Based on the feedback there are again some
changes.
First: I think I've identified the building blocks
that haven't (really) changed over the time.
The design of a recognizer as a combination of
a parsing word and 3 data handling methods
associated with the data is one of them.
Similarly the idea to group recognizers as
stacks is now "carved in stone".
What has changed here over the time? The POSTPONE
action turned into one that literally follows
the existing spec. It compiles all data necessary to
append the compilation action into the dictionary for
later use. Part of this is generic, part is data
dependent. The words that deal with the recognizer
stacks now have a stack-identifier as an additional
parameter. For system words, a common anchor
FORTH-RECOGNIZER is introduced as VALUE.
Second: I removed all use cases. I got many
complaints about changing too much (interpreter)
or too little (search order). In fact most
remarks were about such use cases. It is great to
have a tool with such a wide range of possible
uses, but they are not really part of this game.
With the current spec I want to achieve two goals:
Keep the early adopters happy (enough) and invite
all others to at least give recognizers a try
without fearing that their systems will get
conquered.
Third: The rationale section covers the design
decisions and why they were taken. That includes
alternatives as well. It's more or less an excerpt
of 5 years of work and experience. Some of the
use cases went to it for inspiration purposes.
The RFD documents are available via
http://www.forth200x.org/ More information
including some sources is at
http://amforth.sf.net/Recognizers.html
Thanks to all, who gave feedback and more. I highly
appreciate your work, if I forget someone, please
contact me.
--------- Core part of the RFD v3 -----------
XY.6 Glossary
XY.6.1 Recognizer Words
DO-RECOGNIZER ( addr len stack-id -- i*x R:TABLE | R:FAIL )
RECOGNIZER
Apply the string at "addr/len" to the elements of the
recognizer stack identified by stack-id. Terminate the
iteration if either one recognizer returns a information
token that is different from R:FAIL or the stack is
exhausted. In this case return R:FAIL.
"i*x" is the result of the parsing word. It represents
the data from the string. It may be on other locations
than the data stack. In this case the stack diagram
should be read accordingly.
FORTH-RECOGNIZER ( -- stack-id ) RECOGNIZER
A system VALUE with a recognizer stack id.

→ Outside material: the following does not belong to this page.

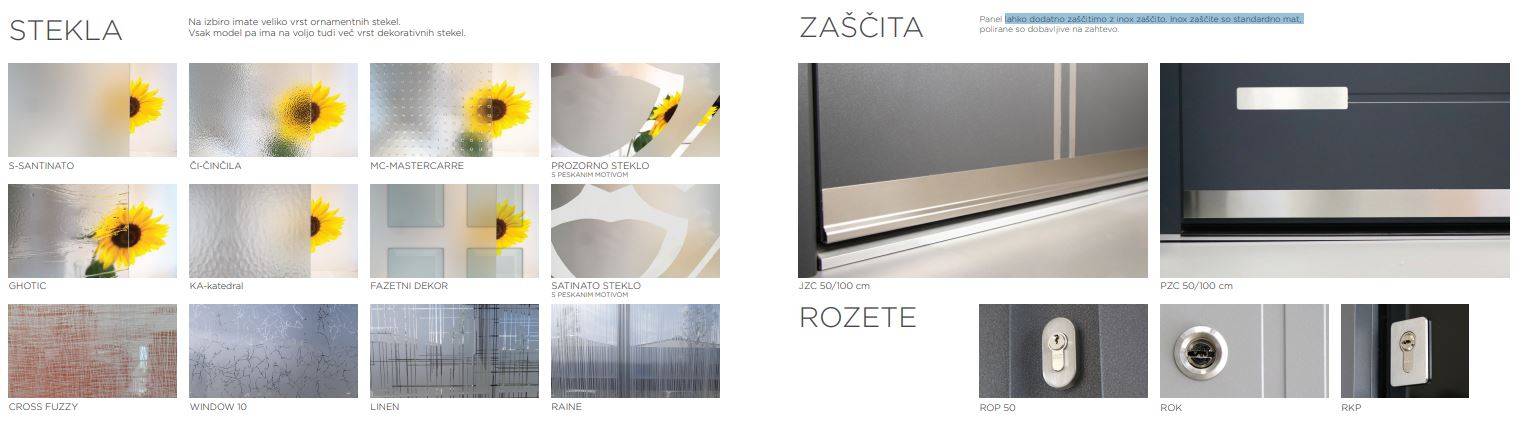 Steklo in zaščita na vhodnih vratih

It is VALUE that can be changed using TO assigning a new
recognizer stack id. This change has immediate effect.
The recognizer stack from this stack-id shall be used in
all system level words like EVALUATE, LOAD etc.
GET-RECOGNIZERS ( stack-id -- rec-n .. rec-1 n ) RECOGNIZER
Return the execution tokens rec-1 .. rec-n of the
parsing words in the recognizer stack identified with
stack-id. rec-1 identifies the recognizer that is called
first and rec-n the word that is called last.
The recognizer stack is left unchanged.
R>COMP ( R:TABLE -- XT-COMPILE ) RECOGNIZER
Return the execution token for the compilation action
from the recognizer information token.
R>INT ( R:TABLE -- XT-INTERPRET ) RECOGNIZER
Return the execution token for the interpretation action
from the recognizer information token.
R>POST ( R:TABLE -- XT-POSTPONE ) RECOGNIZER
Return the execution token for the postpone action from
the recognizer information token.
R:FAIL ( -- R:FAIL ) RECOGNIZER
An information token with two uses: First it is used to
deliver the information that a specific recognizer could
not deal with the string passed to it. Second it is a
predefined information token whose elements are used
when no recognizer from the recognizer stack could
handle the passed string. These methods provide the
system error actions.
The actual numeric value is system dependent.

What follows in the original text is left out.